気配を感じさせる人に

「気配を感じさせない人」が増えています。視覚障害者のこんな話を聞きました。駅のホームで並ぼうとするとき、並んでいる人の列の気配を感じ取って乗り口を見つけるのですが、最近はホームでその気配がしなくなったというのです。柱の後ろに並んでしまったこともあるそうです。人は柱よりも存在感がなくなっているのでしょうか。

 なぜ気配を感じさせないのか。それは周囲の人に関心を寄せないからです。街中にあっても電車に乗っても、目に見えない壁を作って自分だけの世界に没頭するので、自分もいない、人もいない状態になるわけです。互いが互いに無関心な社会になっているんですね。

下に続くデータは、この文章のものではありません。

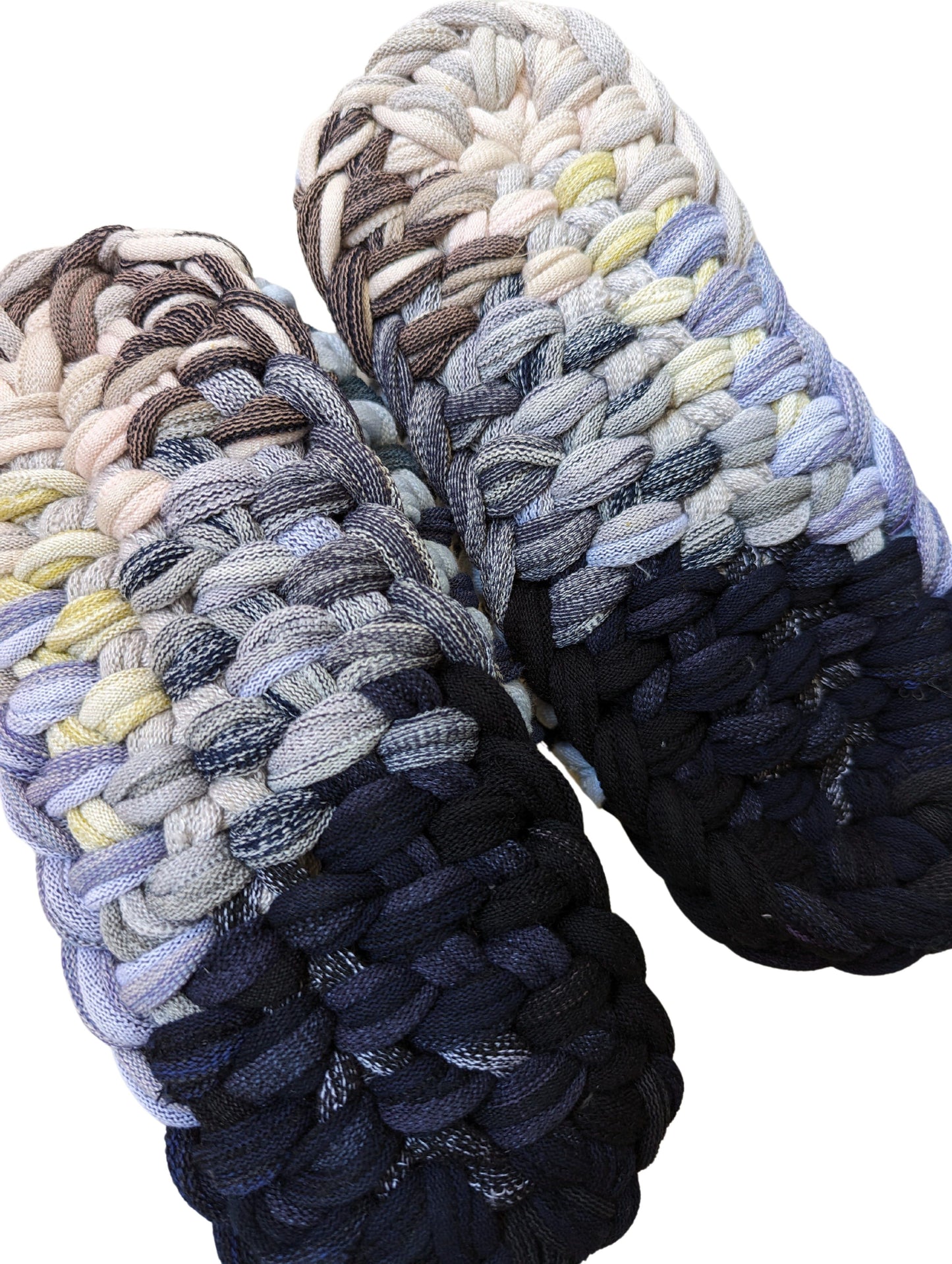 XL | Knit up-cycle slippers 2024-XL80 [XL]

昔、一人の盲人が闇夜に提灯をぶら下げて歩いていました。道で出会った人が、「目が見えないのに、何のために提灯をぶら下げているのか」と笑いました。盲人は答えました。「目明きの人が私の存在に気付くためですよ。」彼は自分のためではなく、通り過ぎる人のために、わざわざ灯りを持ち歩いていたのですね。

私たちクリスチャンは「世の光」として、キリストの存在感を示すべく、闇の世に立たされています。そのことをもっと意識して、周囲を見てみませんか。そして、構えないで、小さなことから始めましょう。街角や駅や電車の中で、道案内や席譲りなど、自分が助けられそうな状況があれば、喜んでそうする心構えをしましょう。また、相手からも呼び止めやすいように、「喜んで助けたがっている」という雰囲気を全身から出していましょう。買い物や外食をする時は、店員に今までよりも笑顔で快活な挨拶をし、少しでも感謝すべきことを見つけて「ありがとう」と言いましょう。「ありがとう」の言葉は、どんなに人の心を暖かくすることか。無言で無表情だけは絶対に避けましょう。

私たちは、暗闇でも「気配を感じさせる人」になろうではありませんか。